BEGIN Supplied material
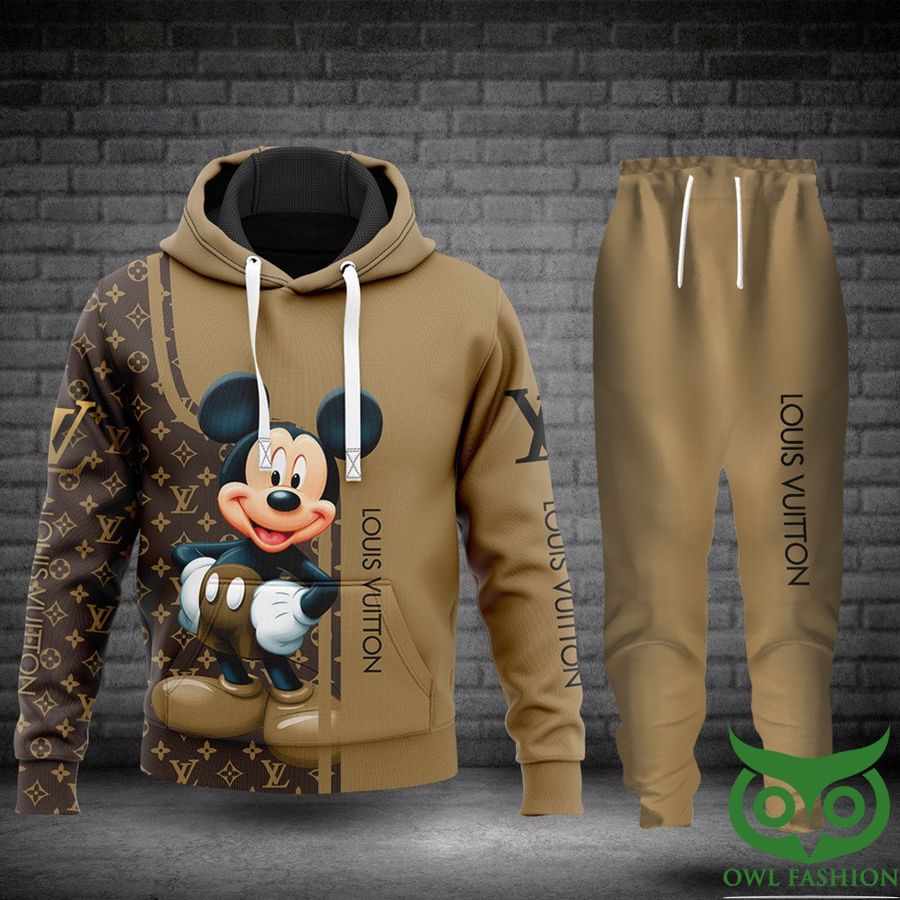 Luxury Louis Vuitton Brown with Vertical Name Line and Mickey on the Right 3D Shirt and Pants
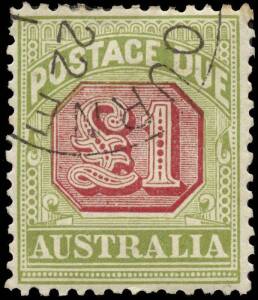 1909-10 (SG.D63-D73) &frac12;d to &pound;1 set, wmk Crown over double-lined A on thick paper. CTO Melbourne with full gum. Minor toning to a few top perfs., nevertheless a scarce set seldom offered.
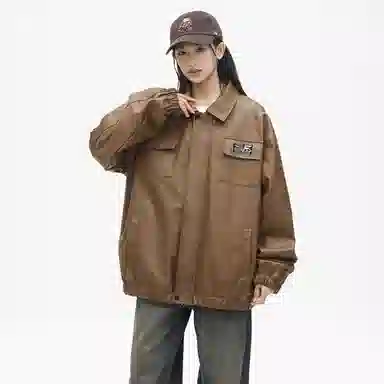 Bingfei Vintage PU Leather Jacket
END Supplied material
Find the line with "1909-10 (SG.D63-D73) &frac12;d". Return it and each line after it through the end of the data, exactly, without pictures.

 1909-10 (SG.D63-D73) &frac12;d to &pound;1 set, wmk Crown over double-lined A on thick paper. CTO Melbourne with full gum. Minor toning to a few top perfs., nevertheless a scarce set seldom offered.
 Bingfei Vintage PU Leather Jacket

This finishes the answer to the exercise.